The main source for Douglas County's gaming revenue took an unusual downward turn in March after posting positve gains two months in a row, according to information released by the Nevada Gaming Control Board today.
The gaming win for Stateline casinos was down 14 percent in March, compared with the same month in 2011.
The Lake Tahoe casinos reported a $12.73 million win, down more than $2 million from last year. The casinos are still running 4.49 percent ahead of last year's gaming win, with $162 million going into the last quarter of the state's fiscal year.
The Carson Valley area, which includes Douglas County casinos outside of the Lake Tahoe basin, and those in Carson City, posted a 1.98 percent loss compared to March 2011. So far those casinos are running 1.29 percent behind last fiscal year.
Statewide, casinos posted a 10.8 percent decrease, though they've still managed to stay 2.16 percent ahead for the fiscal year.
Gov. Brian Sandoval said he was still awaiting full details on the March report, but noted the state is ahead for the fiscal year even with a slow month.
"Of course we want to see numbers going up, but in the big picture this is one month in time, and that for the year we're still ahead," he said. "We're going to have some ups and downs with regard to this but over all Nevada is strong and we're doing well."
All the major Clark County markets were down in March. Downtown was off 11.9 percent and North Las Vegas was down 17.8 percent.
Washoe County fared better, posting a modest 0.45 percent gain, but South Lake Tahoe was also down in March, by 14 percent.
A big part of the story was that gamblers were luckier than usual in March, said Michael Lawton, senior research analyst for the control board. The percentage of money wagered by players but "held" by casinos was lower than average on games and tables such as 21 and roulette, he said.
If the March hold had matched the 12 month average hold, the statewide win would be down only 3.4 percent. The Strip would be down only 4.2 percent.
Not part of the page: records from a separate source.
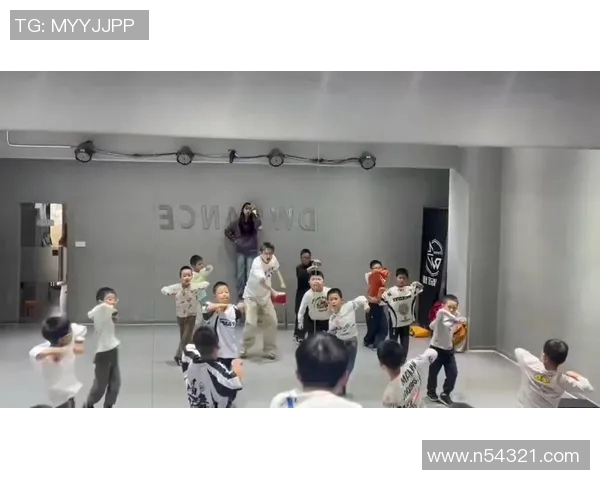 街舞战术解析：上海街舞队如何构建全方位压制体系与战斗策略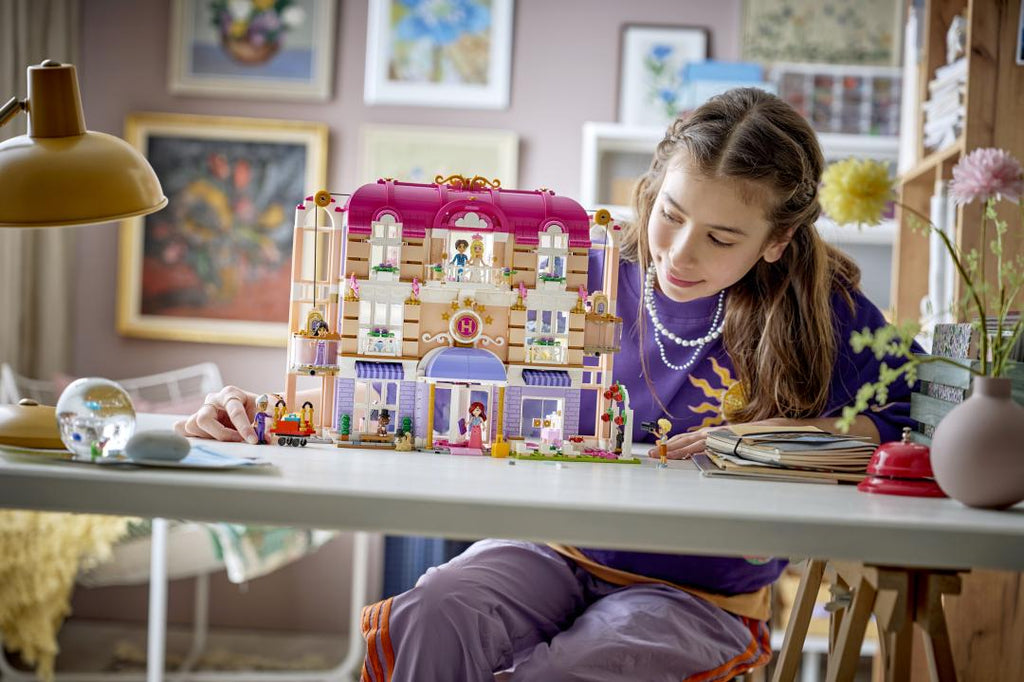 LEGO Friends 42704 Heartlake City Grand Hotel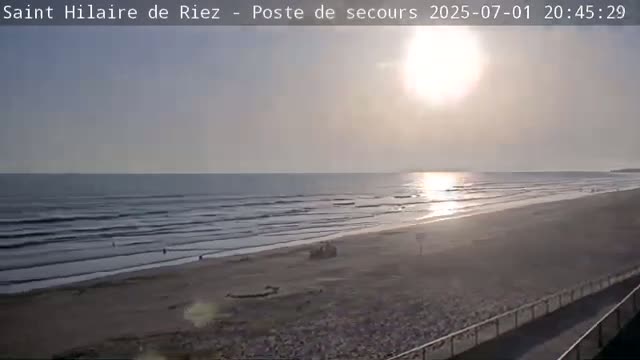 Saint-Hilaire-de-Riez,  Plage des Soxiante Bornes-Salins-Becs-Mouttes-Pege Beaches Live Cam - 	Les Sables-d'Olonne, Vendée, Pays de la Loire, France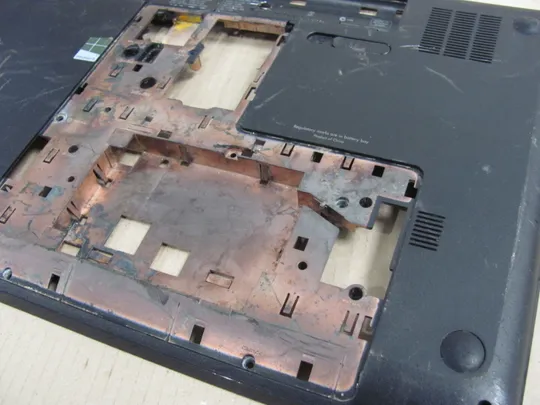 433-4  Кришка дно піддон корпуса 685072-001 39R39BATP00  для HP Pavilion G7-2000 оригінал Продаж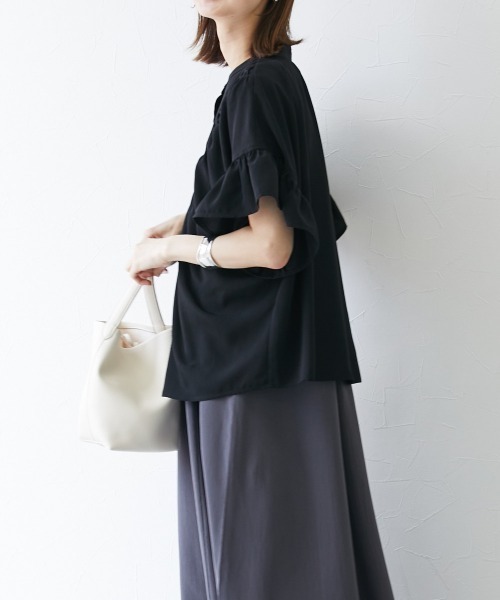 nissen（ニッセン）の「フリル袖デザインブラウス（シャツ/ブラウス・レディース・ブラック/オフホワイト/グレイッシュベージュ・S/M/LL/L）」の11枚目の写真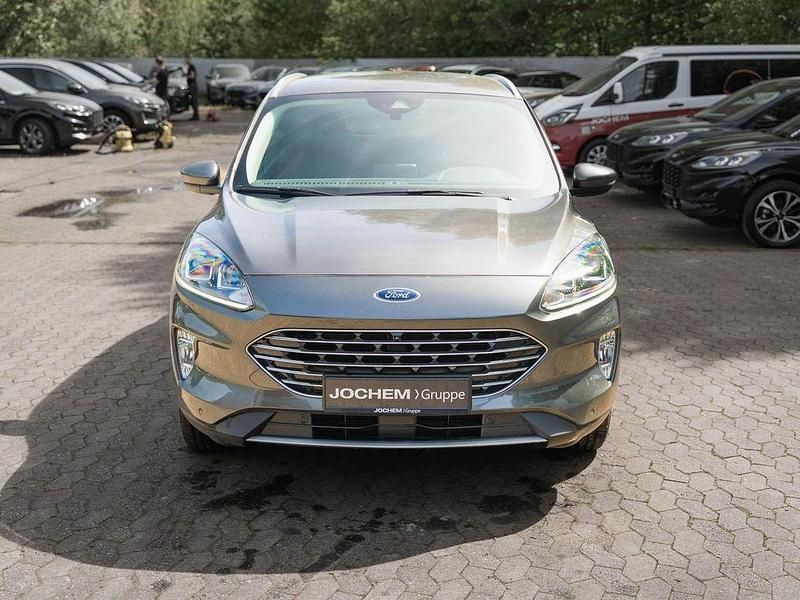 Gebraucht Ford Kuga Titanium 224 PS (164 kW) 2022 Grau SUV
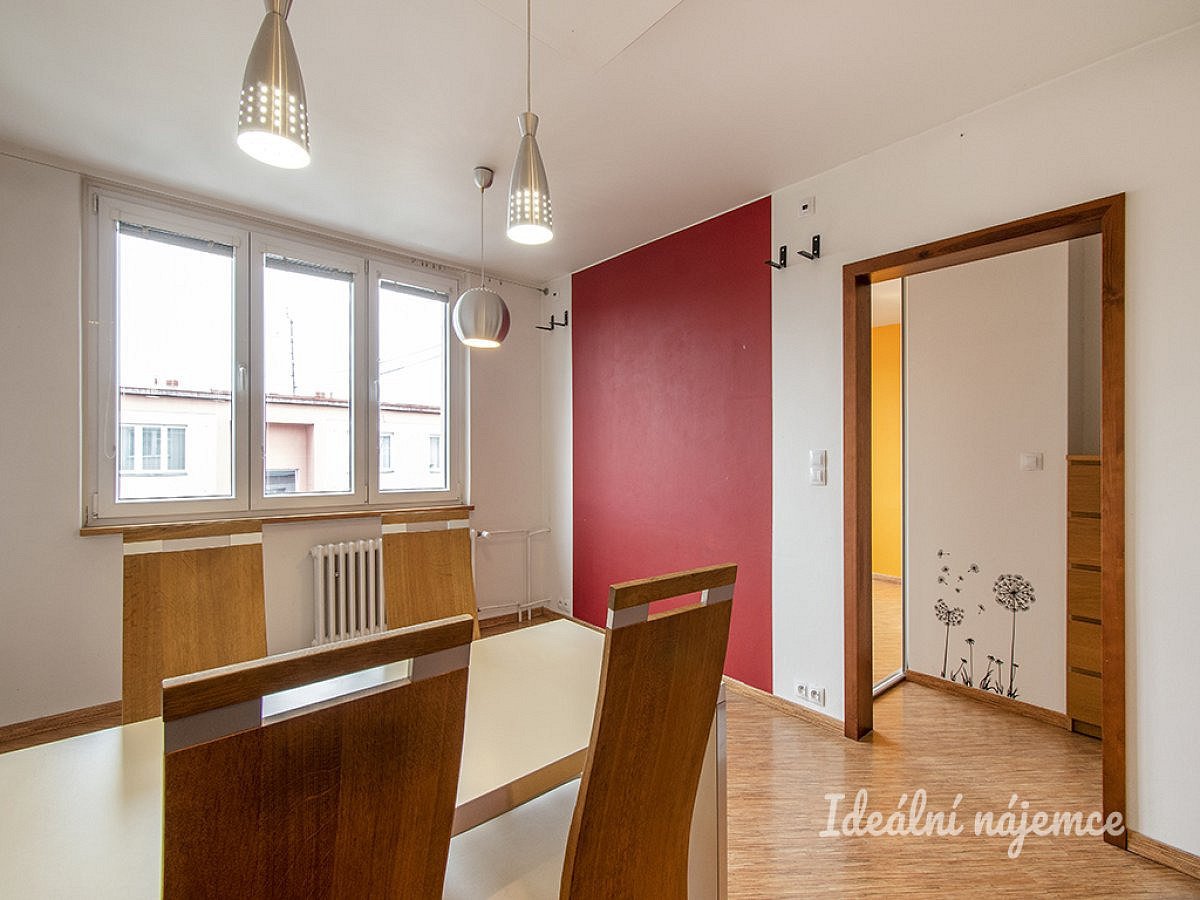 Pronájem bytu 2+kk 36 m² – fotografie 5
Another factor in the Strip numbers was baccarat, the card game played by high rollers. Casinos won $39.8 million from baccarat players in March, a nearly 52 percent decline from March 2011. The volume of play was down and the hold percentage was lower than average, Lawton said.
"The gamblers ran a little bit luckier," he said.
Another factor was that March 2012 is being compared to March 2011, which saw a 5.1 percent statewide gaming win and a 12.9 percent gain on the Strip.
A third was the CONEXPO-CON/AGG event in Las Vegas in March of 2011 that is only held every three years and so did not occur this year, Lawton said.
"So there were some things that added to why this was going to be a struggle," he said. "Even with this, fiscal year-to-date the state is still up 2.2 percent," he said. "And it was a strong quarter for the state. The state was up 4 percent for the quarter.
"My take is it's a bump in the road," Lawton said. "We had a strong quarter. We had five consecutive months of growth. The fundamentals were still there. Our volumes were still up in slots. Our total volume was still up when you combine tables and slots together. We just had a soft month when we look at those table games hold percentages."